Opinion

U.S. raids Syria as Arabs lacked an alternative

Arab foreign ministers met yesterday to discuss the repercussions of the U.S. raid on Syria, as they did before to discuss the U.S. attack on Iraq. The result was known in advance: a complete disability to stop the strike or provide an alternative political solution doable on the ground, save for some futile slogans.
 
Everyone is inside Syria, except an Arab alternative. The Bashar regime is killing people every day, while the Arab world is watching. Terrorist militias entered Syria with Arab and Qatari funds to deduct from the great Syrian revolution.
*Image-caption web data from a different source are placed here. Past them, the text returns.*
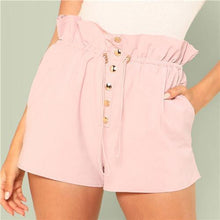 Load image into Gallery viewer, Belted High Waist Button Up Elastic Shorts.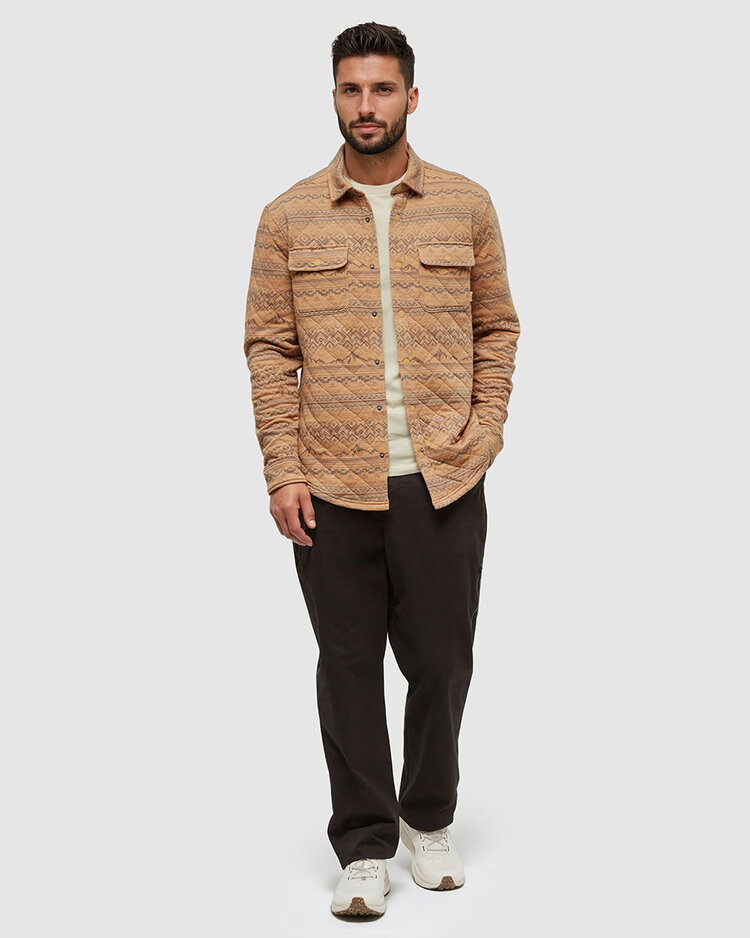 Tentree Tentree Quilted Colville Shacket (Mens) | Camel Htr/Geo Mountain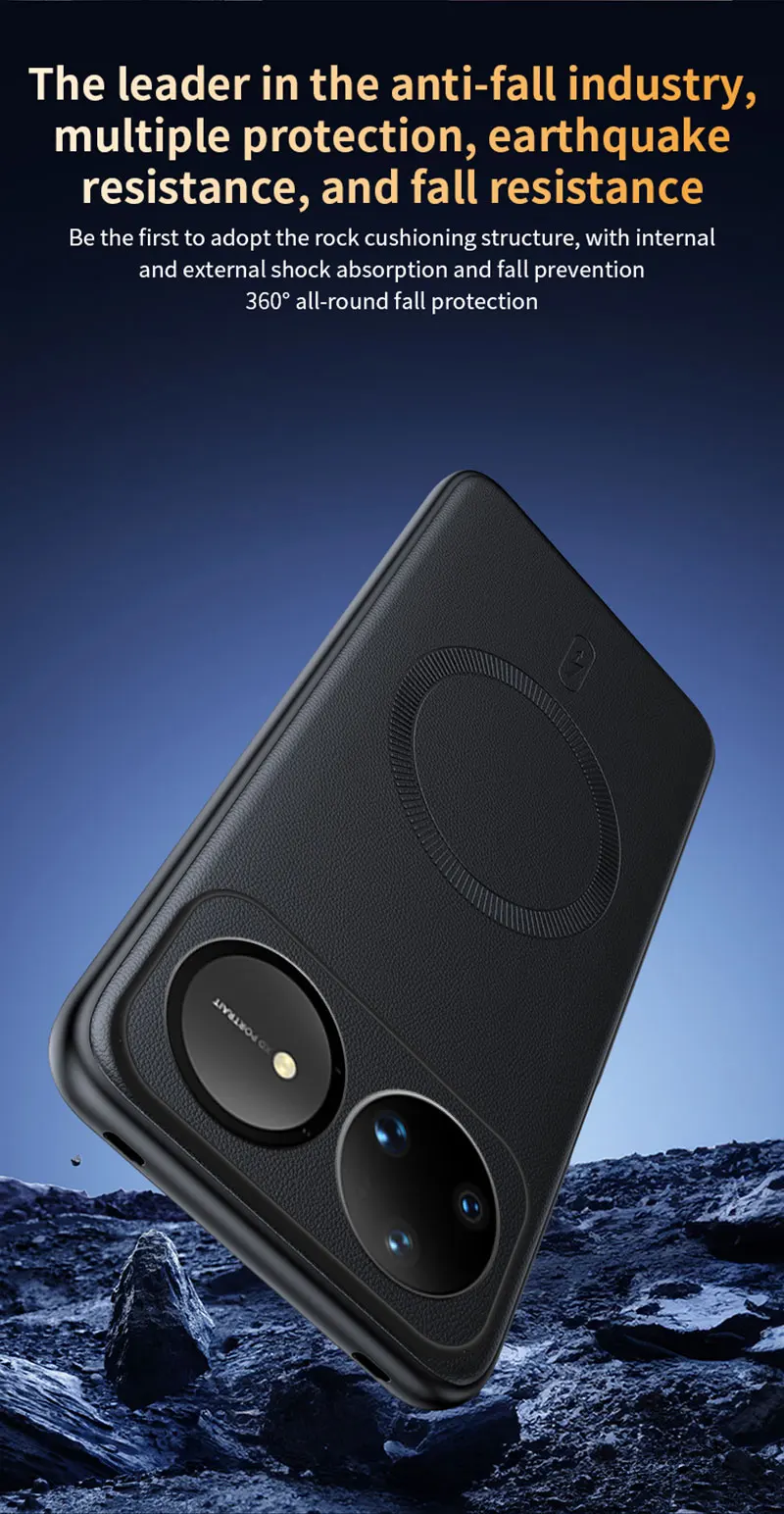 Für Huawei Nova 16 Ultra: Magnetische Lederhülle mit Schutzfunktion, Anti-Fingerabdruck, rutschfest, aus PC+TPU. – Detail 15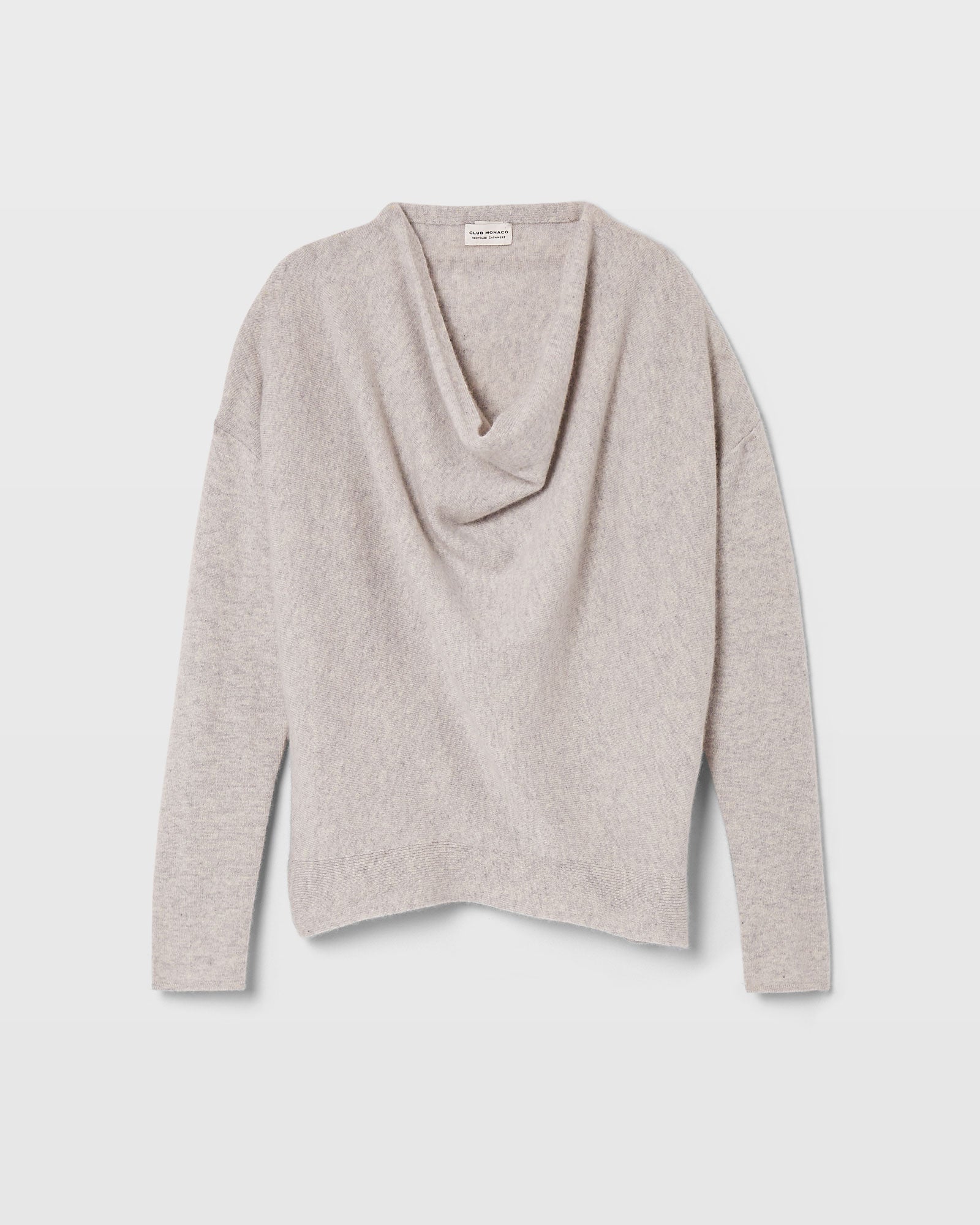 CLUB MONACO - Chandail en cachemire col cagoule - Gris Chiné Clair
Like Hezbollah, Iran sent its Revolutionary Guards to fight there and support the deadly sectarian system, not to liberate Jerusalem as they had claimed.
 
After Nasser, the Arab world saw clones like Iraq’s Saddam Hussein, Libya's Gaddafi and Syria’s Assad, all of which were failed authoritarian regimes. Saddam Hussein fought Iran and Kuwait, not Israel, Bashar al-Assad fought Lebanon, not Israel, and Gaddafi fought in Africa and supported terrorism in every country in the world, but did not fight Israel.
 
Nasser, on the other hand, fought only Israel. He nationalized the Suez Canal in 1956. He did not invade neighbors like Sudan to claim he was fighting colonialism. Then he won the Suez canal battle, but lost the 1967 War and offered to step down. Later, he rebuilt the Egyptian army to win the 1973 War.
 
Can we say Bashar al-Assad actually fought against Israel? Did he present a way out of the Syrian crisis? Did he step down like Mubarak or escape like Ben Ali to prevent the bloodshed of a hundred-thousand Syrians or keep the rest of his army that fought against his own people and not Israel?
 
He did not. And so he bears responsibility for all the devastation and murder in Syria.
 
Turkey is present in Syria, Iran plays a role there and so does Israel. The United States and the West will strike certain military installations there but will not topple the regime or invade the country. All this is happening as the Arab world is absent.
 
There are many alternatives other than the Nasra Front and its terrorist allies that the Arab world should have come up with instead of supporting the armed jihadists and watching the United States strike an Arab country and kill its civilians. One such alternative is to support elements within the Syrian army to stage a coup against Assad in order to preserve what is left of the country and the army.
 
The Arab alternative should have been an extension of the Egyptian project, whereby a regime may fall but the country remains for us all to save, unlike the U.S. project that demolished the state and the army in Iraq, leaving behind a million people dead.
 
Some still defend Assad, thinking of him as a deterrent force, while others defend the Syrian revolution from an Islamic jihadi perspective. Between those two, the majority of Syrians who supported the revolution and rejected an American, Iranian or Qatari intervention have been lost. They waited for an Arab alternative that never came.